# KSL ad makes me chuckle



## guner (Sep 25, 2007)

Sorry that this is not a real joke, but this ad makes me laugh.... looks like one of those new Cover All situations waders

http://www.ksl.com/index.php?nid=218&ad ... =1&search=


----------



## Loke (Sep 7, 2007)

I'll bet you could wade in them. I didn't see anywhere that they claim you will stay dry.


----------



## guner (Sep 25, 2007)

Good call................. maybe they were the prototype NO stocking foot wader


----------



## Huge29 (Sep 17, 2007)

IT does say never worn before...


----------



## huntingbuddy (Sep 10, 2007)

:roll: Is there a face palm smiley. Some peoples kids!


----------



## mikevanwilder (Nov 11, 2008)

They are Carharts! They are pretty amazing. :mrgreen:


----------



## guner (Sep 25, 2007)

Maybe water proof from shin up :?: :shock:


----------



## huntingbuddy (Sep 10, 2007)

I sent them and email telling her they weren't waders that they were just plain ole' overalls. I got an email back from the lady and she said she didn't know what they were.
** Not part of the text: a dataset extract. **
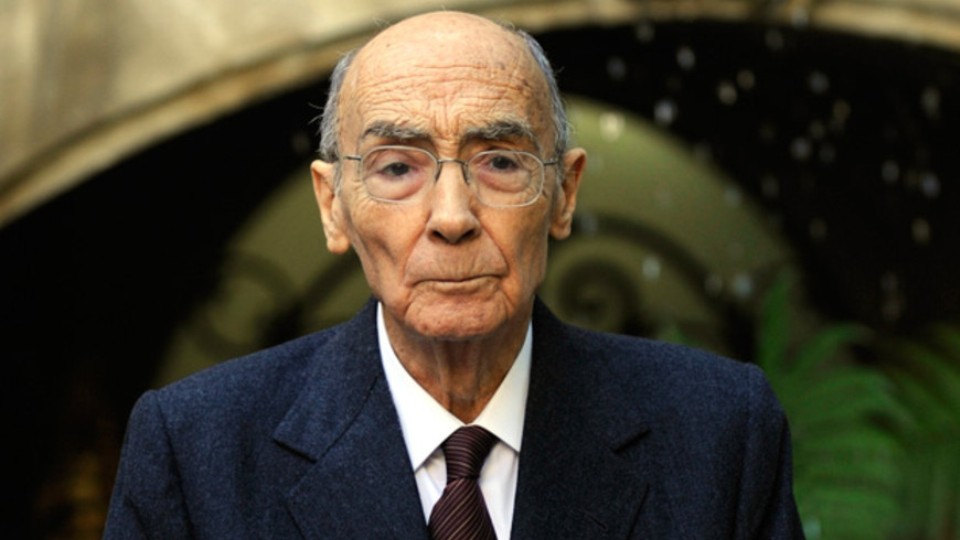 O futebol &ldquo;neg&oacute;cio&rdquo; e o futebol &ldquo;espet&aacute;culo&rdquo; segundo Jos&eacute; Saramago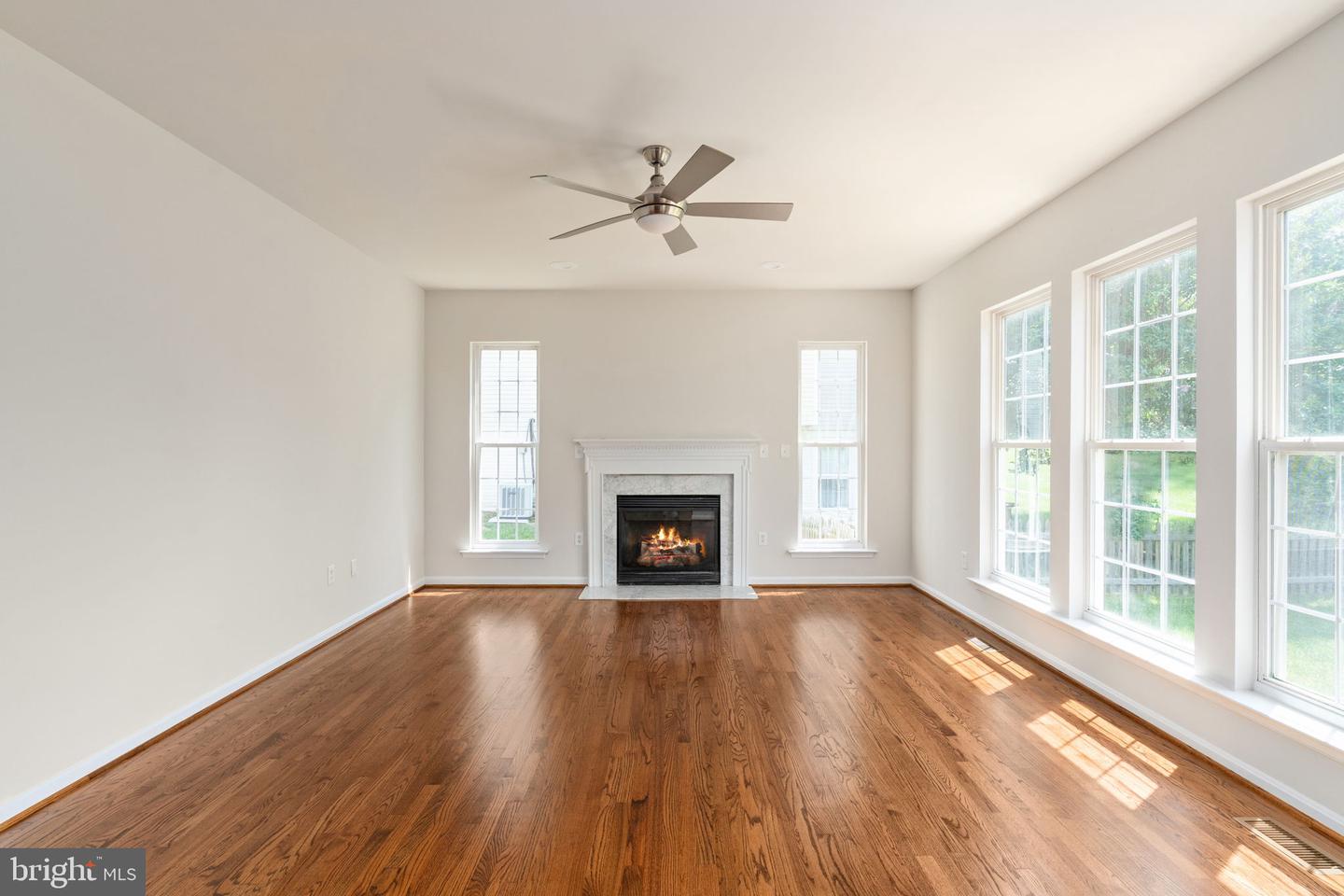 3 NEABSCO DR, FREDERICKSBURG, Virginia 22405, 6 Bedrooms Bedrooms, ,4 BathroomsBathrooms,Residential,For sale,3 NEABSCO DR,VAST2040800 MLS # VAST2040800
Said she just saw something that looked like them so that's what she listed them as. I think she felt kinda stupid. In her email she put "rs" like 4 times I think that means "really stupid" I don't know though I am not very up to date on texting language.


----------



## guner (Sep 25, 2007)

Goodof ya HB...... All I did was sit and make fun


----------